Your vet may also discuss referral to an avian specialist or veterinary oncologist. Merck specifically notes that because chemotherapy and radiation data in birds are limited, consultation and literature review are recommended before treatment planning.

Treatment Options for Lymphoma in African Grey Parrots

Spectrum of Care means you have options. Here are treatment tiers at different price points.

Budget-Conscious Care

$250–$900
Best for: Birds who are unstable, pet parents who need a lower-cost starting point, or cases where full cancer workup is not possible.
  • Exam with an avian-experienced vet
  • Body weight and body condition monitoring
  • Basic bloodwork and/or radiographs when feasible
  • Supportive care such as heat support, fluid support, syringe or tube-feeding guidance, and anti-nausea or pain-control medications if appropriate
  • Quality-of-life planning and hospice-focused follow-up
Expected outcome: Usually guarded to poor if lymphoma is strongly suspected but not specifically treated. Some birds may feel better briefly with supportive care.
Consider: Lower upfront cost and less handling stress, but it may not confirm the diagnosis or slow tumor progression for long.

Advanced / Critical Care

$2,500–$4,500
Best for: Complex cases, birds with unusual tumor locations, or pet parents who want every reasonable diagnostic and treatment option explored.
  • Referral to an avian specialist, specialty hospital, or oncology service
  • Advanced imaging such as CT when indicated
  • Endoscopy or surgical biopsy under advanced monitoring
  • Intensive hospitalization with oxygen support, crop or feeding tube support, and repeated lab monitoring
  • Case-by-case chemotherapy planning after specialist review of avian literature and pathology results
  • Complex surgery or palliative procedures for obstructive masses
Expected outcome: Still variable and often guarded, but advanced care may improve comfort, clarify staging, and occasionally extend meaningful time.
Consider: Highest cost and most intensive handling. Evidence for chemotherapy and radiation in parrots is limited, so outcomes are less predictable than in dogs or cats.

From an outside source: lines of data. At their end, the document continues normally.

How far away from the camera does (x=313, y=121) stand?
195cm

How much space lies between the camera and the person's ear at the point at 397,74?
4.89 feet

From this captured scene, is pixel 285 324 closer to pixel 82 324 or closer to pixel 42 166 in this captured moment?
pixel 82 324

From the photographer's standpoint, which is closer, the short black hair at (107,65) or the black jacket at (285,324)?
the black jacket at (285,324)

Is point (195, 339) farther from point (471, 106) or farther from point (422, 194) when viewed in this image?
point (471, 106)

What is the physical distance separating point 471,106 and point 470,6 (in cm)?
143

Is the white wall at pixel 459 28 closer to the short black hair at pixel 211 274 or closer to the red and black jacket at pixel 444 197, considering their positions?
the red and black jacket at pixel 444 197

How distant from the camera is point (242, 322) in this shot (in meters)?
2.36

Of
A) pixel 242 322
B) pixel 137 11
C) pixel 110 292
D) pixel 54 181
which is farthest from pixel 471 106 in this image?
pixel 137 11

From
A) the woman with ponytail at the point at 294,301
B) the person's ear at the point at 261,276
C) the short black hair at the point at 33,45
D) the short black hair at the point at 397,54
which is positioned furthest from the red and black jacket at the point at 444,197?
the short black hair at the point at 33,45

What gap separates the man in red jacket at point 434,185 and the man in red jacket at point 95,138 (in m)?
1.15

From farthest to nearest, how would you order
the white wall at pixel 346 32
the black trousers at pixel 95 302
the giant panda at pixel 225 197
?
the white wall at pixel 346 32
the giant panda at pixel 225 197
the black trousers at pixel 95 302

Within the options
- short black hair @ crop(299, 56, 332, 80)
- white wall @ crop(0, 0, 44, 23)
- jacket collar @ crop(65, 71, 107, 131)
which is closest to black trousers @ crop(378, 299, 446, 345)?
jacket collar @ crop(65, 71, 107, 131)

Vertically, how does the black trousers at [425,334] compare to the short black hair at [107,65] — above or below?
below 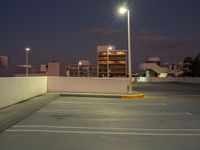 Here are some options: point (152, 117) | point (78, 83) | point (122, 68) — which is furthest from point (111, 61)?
point (152, 117)

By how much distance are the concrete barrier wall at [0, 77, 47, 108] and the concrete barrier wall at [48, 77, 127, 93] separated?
19.1ft

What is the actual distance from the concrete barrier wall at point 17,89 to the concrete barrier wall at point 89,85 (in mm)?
5826

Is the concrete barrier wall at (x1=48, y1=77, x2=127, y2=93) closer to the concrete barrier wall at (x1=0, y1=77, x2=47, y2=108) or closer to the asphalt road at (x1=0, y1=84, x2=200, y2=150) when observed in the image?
the concrete barrier wall at (x1=0, y1=77, x2=47, y2=108)

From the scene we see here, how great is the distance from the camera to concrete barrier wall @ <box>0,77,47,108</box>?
16780 millimetres

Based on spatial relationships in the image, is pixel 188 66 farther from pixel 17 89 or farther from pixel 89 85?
pixel 17 89

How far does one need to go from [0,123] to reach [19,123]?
4.96ft

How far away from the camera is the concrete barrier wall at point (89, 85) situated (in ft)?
109

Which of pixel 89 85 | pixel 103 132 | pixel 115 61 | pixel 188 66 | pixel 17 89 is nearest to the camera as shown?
pixel 103 132

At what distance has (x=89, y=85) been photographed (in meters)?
33.7

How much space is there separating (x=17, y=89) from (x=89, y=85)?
47.7 ft

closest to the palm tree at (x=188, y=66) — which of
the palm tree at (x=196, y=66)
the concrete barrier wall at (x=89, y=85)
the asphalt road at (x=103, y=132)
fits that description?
the palm tree at (x=196, y=66)

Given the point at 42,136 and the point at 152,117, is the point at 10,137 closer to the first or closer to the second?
the point at 42,136

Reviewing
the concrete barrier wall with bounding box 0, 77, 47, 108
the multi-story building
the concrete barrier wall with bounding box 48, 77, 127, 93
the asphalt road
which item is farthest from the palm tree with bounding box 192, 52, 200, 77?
the asphalt road

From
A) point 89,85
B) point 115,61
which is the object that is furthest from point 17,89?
point 115,61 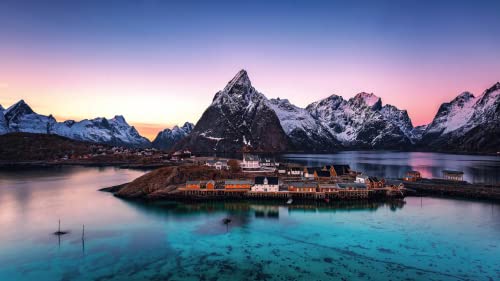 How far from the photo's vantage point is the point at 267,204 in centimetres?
5622

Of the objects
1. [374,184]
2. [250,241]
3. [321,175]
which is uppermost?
[321,175]

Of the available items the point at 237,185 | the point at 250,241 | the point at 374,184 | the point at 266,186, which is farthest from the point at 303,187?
the point at 250,241

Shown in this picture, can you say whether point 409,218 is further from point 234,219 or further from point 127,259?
point 127,259

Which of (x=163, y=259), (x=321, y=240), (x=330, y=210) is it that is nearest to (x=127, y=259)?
(x=163, y=259)

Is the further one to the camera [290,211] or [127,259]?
[290,211]

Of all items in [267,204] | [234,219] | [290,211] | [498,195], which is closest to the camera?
[234,219]

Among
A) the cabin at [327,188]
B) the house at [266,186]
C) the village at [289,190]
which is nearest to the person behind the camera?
the village at [289,190]

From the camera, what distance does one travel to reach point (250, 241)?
36.7 metres

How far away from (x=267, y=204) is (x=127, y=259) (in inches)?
1138

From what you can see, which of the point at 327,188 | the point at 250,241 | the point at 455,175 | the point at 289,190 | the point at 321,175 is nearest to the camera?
the point at 250,241

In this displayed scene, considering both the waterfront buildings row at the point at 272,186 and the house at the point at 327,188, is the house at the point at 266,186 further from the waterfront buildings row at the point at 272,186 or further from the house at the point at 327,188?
the house at the point at 327,188

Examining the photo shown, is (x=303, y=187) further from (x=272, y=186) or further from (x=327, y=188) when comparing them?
(x=272, y=186)

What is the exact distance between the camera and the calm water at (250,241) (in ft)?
94.3

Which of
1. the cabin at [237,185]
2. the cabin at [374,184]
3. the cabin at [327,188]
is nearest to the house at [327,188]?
the cabin at [327,188] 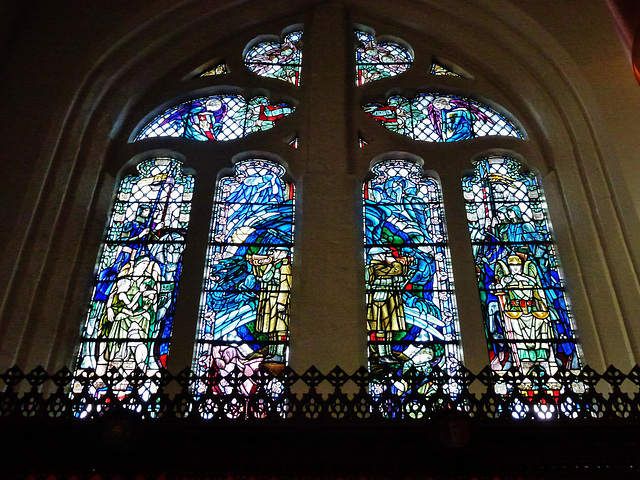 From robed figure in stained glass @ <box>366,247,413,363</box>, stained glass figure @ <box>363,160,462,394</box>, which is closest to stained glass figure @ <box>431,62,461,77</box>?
stained glass figure @ <box>363,160,462,394</box>

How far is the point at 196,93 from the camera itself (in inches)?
384

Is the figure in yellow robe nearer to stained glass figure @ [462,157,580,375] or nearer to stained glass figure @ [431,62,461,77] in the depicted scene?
stained glass figure @ [462,157,580,375]

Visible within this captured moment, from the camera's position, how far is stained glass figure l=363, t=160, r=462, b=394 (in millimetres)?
7230

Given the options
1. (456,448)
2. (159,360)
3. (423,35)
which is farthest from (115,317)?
(423,35)

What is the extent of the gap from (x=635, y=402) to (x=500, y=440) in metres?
1.01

Cost estimates as of 2026-03. Actual costs vary by location, clinic, and individual case.

Questions to Ask Your Vet About Lymphoma in African Grey Parrots

Bring these questions to your vet appointment to get the most out of your visit.

  1. What findings make lymphoma more likely in my African Grey, and what other conditions are still possible?
  2. Which tests are most useful first for my bird’s symptoms and stability level?
  3. Can we safely get a sample for cytology or biopsy, or is that too risky right now?
  4. Is this likely localized disease or multicentric disease affecting several organs?
  5. What supportive care can help appetite, comfort, breathing, and weight right away?
  6. If surgery is an option, what are the expected benefits, risks, and recovery needs?
  7. Is referral to an avian specialist or oncology service realistic and helpful in this case?
  8. What quality-of-life changes should I watch for at home, and when should I call urgently?

How to Prevent Lymphoma in African Grey Parrots

There is no proven way to fully prevent lymphoma in African Grey parrots. Because the exact cause is usually unknown, prevention is really about supporting overall health and catching problems early.

Good baseline care matters. Schedule routine wellness visits with your vet, track body weight at home on a gram scale, feed a balanced species-appropriate diet, and avoid chronic exposure to smoke, aerosolized chemicals, overheated nonstick cookware fumes, and other airborne irritants. Merck emphasizes the importance of regular veterinary care in pet birds because they often hide illness until disease is advanced.

Quarantine new birds, keep the environment clean, and reduce ongoing stress where possible. These steps may not prevent cancer directly, but they can lower the chance of other illnesses that complicate diagnosis and recovery.

The most practical prevention tool is early detection. If your African Grey is eating less, losing weight, breathing differently, or developing eye or skin changes, book a visit with your vet promptly rather than waiting to see if it passes.